Is it possible to detect whether any pieces of a previous install are there and at least ask before attempting to drop them all on the floor?  Possibly within those `while` loops:

  zpool "bootpool" already exists. Drop it? (y/N) N
  zpool "targetpool" already exists. Drop it? (y/N) Y
  zpool "zpool" already exists. Drop it? (y/N) N
  geli "md0p1" already exists. Drop it? (y/N) Y
  geli "ada0p3" already exists. Drop it? (y/N) N

(there might be similar issues for the `graid` cleanup that don't come into play in my test setup since I'm not doing any flavor of raid).
Comment 4 Tim Chase 2016-11-28 20:43:59 UTC
Maddeningly, I commented out lines 782-802 of zfs_create_diskpart() where those pools get exported and the GELIs get detached, and made sure that there was nothing on md0 (no gparts, no geli, no zpools; just a zeroed out device) but something is still detaching my local GELI (and possibly exporting my zroot pool as well) when I confirm "yes, nuke md0".
Comment 5 Allan Jude freebsd_committer 2016-11-28 20:48:13 UTC
(In reply to Tim Chase from comment #2)
Are you trying to create a new zpool on md0 with the same name as your currently imported root pool? This will not work.
Comment 6 Tim Chase 2016-11-28 21:23:42 UTC
(In reply to Allan Jude from comment #5)

TL;DR: no.

I already learned that the hard way (and what got me poking in the zfsboot script in the first place), so I'm issuing 

  # export ZFSBOOT_POOL_NAME=myzpool
  # export ZFSBOOT_BOOT_POOL_NAME=mybootpool
  # bsdinstall

to ensure the pool-names don't conflict with my local pools (the installer lets me change ZFSBOOT_POOL_NAME at run-time but not ZFSBOOT_BOOT_POOL_NAME).

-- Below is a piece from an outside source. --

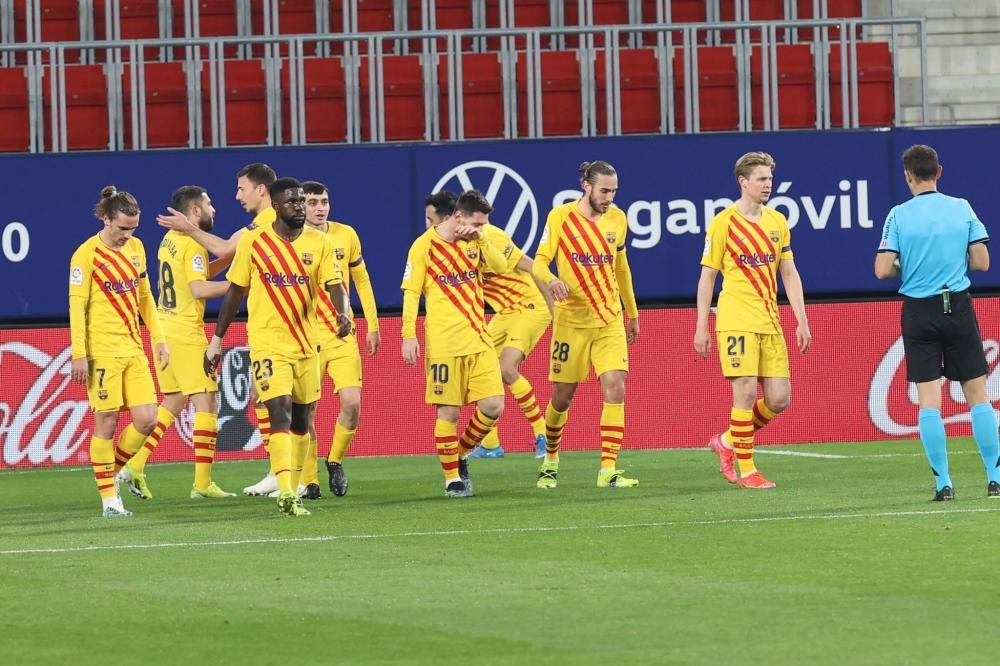 Imágenes del partido Osasuna-Barcelona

When I examine the md0 device after the hang-up, it does indeed have my specified names as the pool names, so this shouldn't be the problem.
Comment 7 Tim Chase 2016-11-29 17:01:24 UTC
As an absolute worst-case remedy, it should attempt to detect that it's running on a live/installed system vs. an installer image and warn that it's only designed to be run from an installer.  This should save folks from having their systems hang unexpectedly when their root FS is pulled as an unintended consequence of attempting something that should be benign.